Delle grida la strapparono alle sue fantasticherie. No, non erano grida, erano risate. Sorrise in modo meccanico, osservando i bambini che giocavano nella sabbia, giravano sulla giostra o camminavano con passo incerto sull'erba. Un bambino. L'ultima parola impronunciabile... Quando sentiva parlare dei cambiamenti fisici conseguenti alla gravidanza , chi aveva «una pelle più bella» e chi invece si ritrovava con
«il culo grosso» Jeanne le considerava questioni irrilevanti. Era solo la superficie delle cose.

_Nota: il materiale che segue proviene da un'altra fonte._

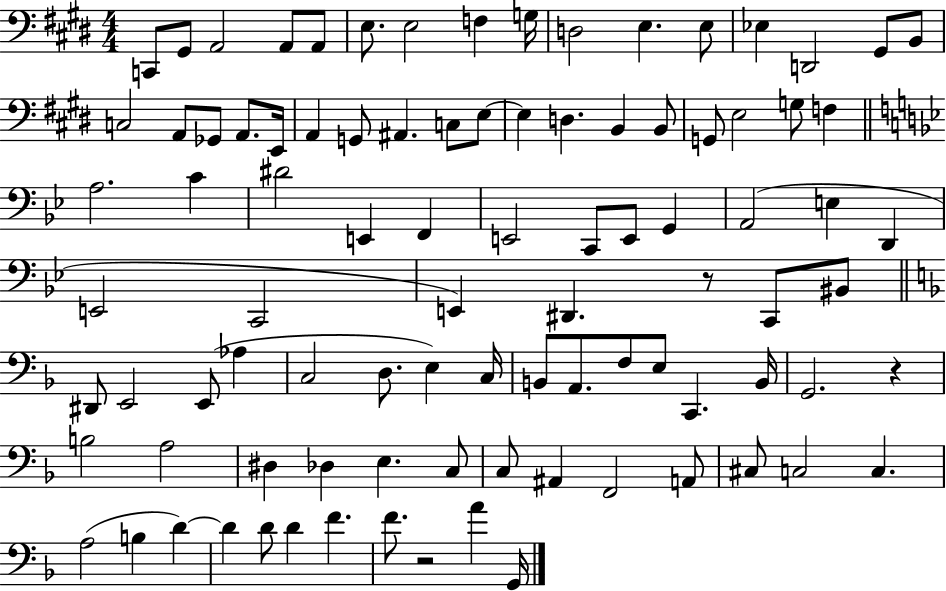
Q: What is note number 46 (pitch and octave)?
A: D2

Lei, quando fosse stata incinta, si sarebbe accostata alla logica segreta del cosmo. Avrebbe avuto accesso a un'intima comprensione di sé stessa, integrandosi al tempo stesso nel meccanismo dell'universo. Sarebbe entrata in armonia con la vita. Con un senso di vertigine mista ad apprensione, aspettava che il senso dell'umanità la attraversasse. Che un uomo le accordasse il suo amore, la sua fiducia, la sua devozione, affinché lei li trasformasse, nel suo intimo, in nucleo vitale. Era quella l'essenza della procreazione. L'amore che diventa corpo. Lo spirito che diventa materia...
Il sole era tramontato e il cielo era nero. Si preparava un altro temporale. Jeanne si alzò tirando su con il naso, sull'orlo delle lacrime. Tutto le sembrava perduto. Impossibile. Non avrebbe mai trovato la sua metà.

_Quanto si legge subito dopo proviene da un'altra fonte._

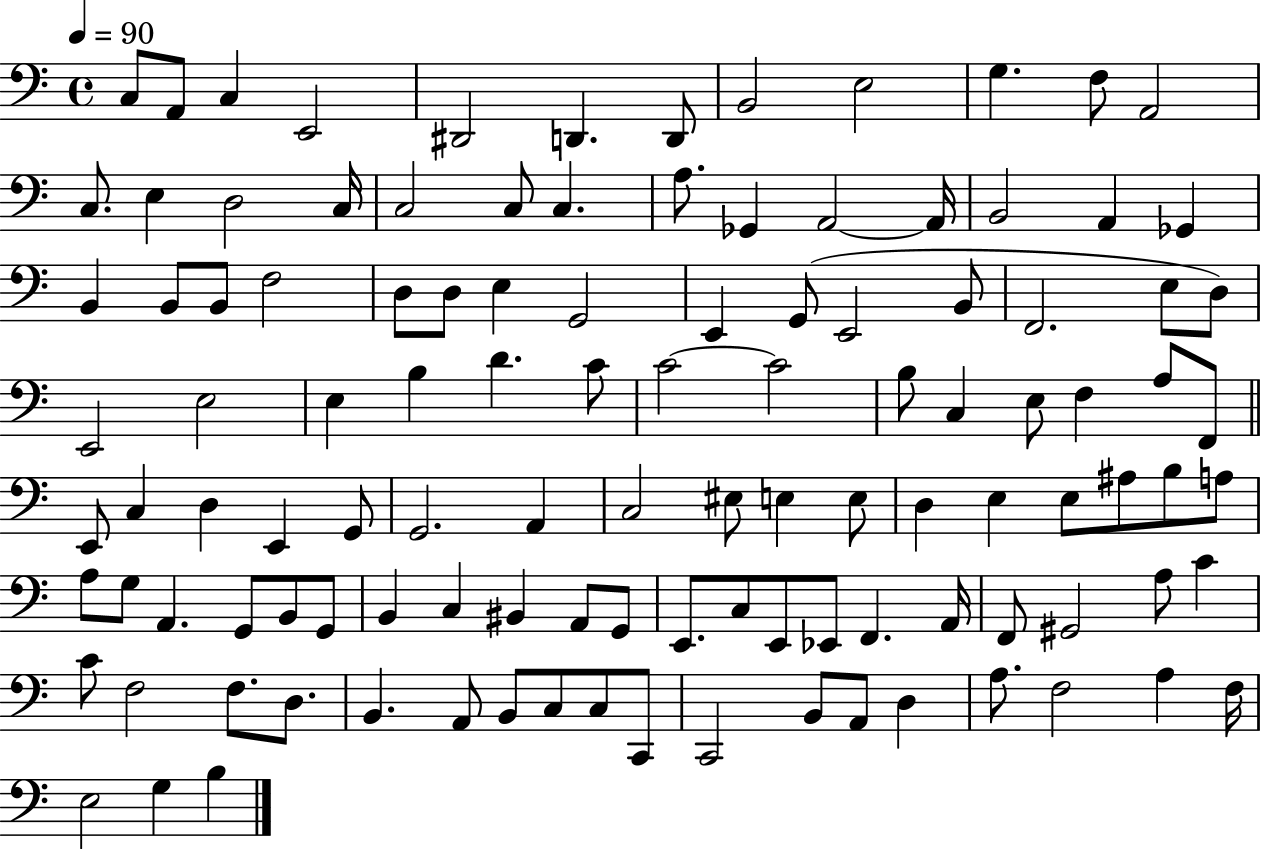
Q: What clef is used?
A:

Non si sarebbe mai fusa con un uomo. Lei era la donna divisa. Come sua sorella, che avevano trovato squartata nel parcheggio di una stazione. O come la citogenetista, che era stata sgozzata, mutilata e divorata due giorni prima...
Aveva la nausea. Furono gli squilli del telefono cellulare a scuoterla, mentre cadevano le prime gocce di pioggia. Si tastò le tasche e frugò nella borsa. Non riusciva trovarlo. Tremava. Pensò prima a Féraud, poi alla prefettura. Avevano trovato il cadavere. Avevano...
«Pronto?»
«Preparati. Ne ho un altro.» La voce di Francois Taine era tesa. Febbrile.
«Un altro?»
«Un altro omicidio del cannibale.»
«Dove?»
«A Goncourt, in me du Faubourg-du-Temple, nel x arrondissement. Mi ha chiamato il sostituto. Sapeva che mi sto occupando dei primi due casi.»

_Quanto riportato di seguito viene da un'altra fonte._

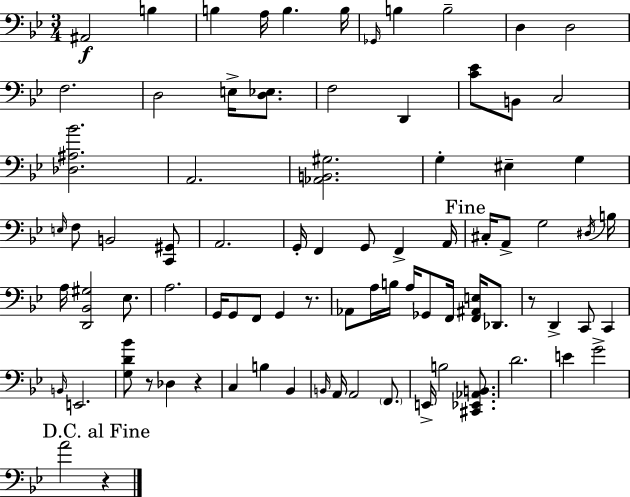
A#2/h B3/q B3/q A3/s B3/q. B3/s Gb2/s B3/q B3/h D3/q D3/h F3/h. D3/h E3/s [D3,Eb3]/e. F3/h D2/q [C4,Eb4]/e B2/e C3/h [Db3,A#3,Bb4]/h. A2/h. [Ab2,B2,G#3]/h. G3/q EIS3/q G3/q E3/s F3/e B2/h [C2,G#2]/e A2/h. G2/s F2/q G2/e F2/q A2/s C#3/s A2/e G3/h D#3/s B3/s A3/s [D2,Bb2,G#3]/h Eb3/e. A3/h. G2/s G2/e F2/e G2/q R/e. Ab2/e A3/s B3/s A3/s Gb2/e F2/s [F2,A#2,E3]/s Db2/e. R/e D2/q C2/e C2/q B2/s E2/h. [G3,D4,Bb4]/e R/e Db3/q R/q C3/q B3/q Bb2/q B2/s A2/s A2/h F2/e. E2/s B3/h [C#2,Eb2,Ab2,B2]/e. D4/h. E4/q G4/h A4/h R/q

Jeanne non replicò. Gli ingranaggi del suo cervello si erano già messi in moto. L'evidenza esplose come un lampo.
Credo che ucciderà qualcuno stanotte. A Parigi, nel x arrondissement.
Joachim era l'assassino cannibale.
O, piuttosto, lo era l'uomo bambino dentro di lui.
Riuscì a stento a trattenere il grido che le saliva in gola. «Dammi l'indirizzo esatto», disse.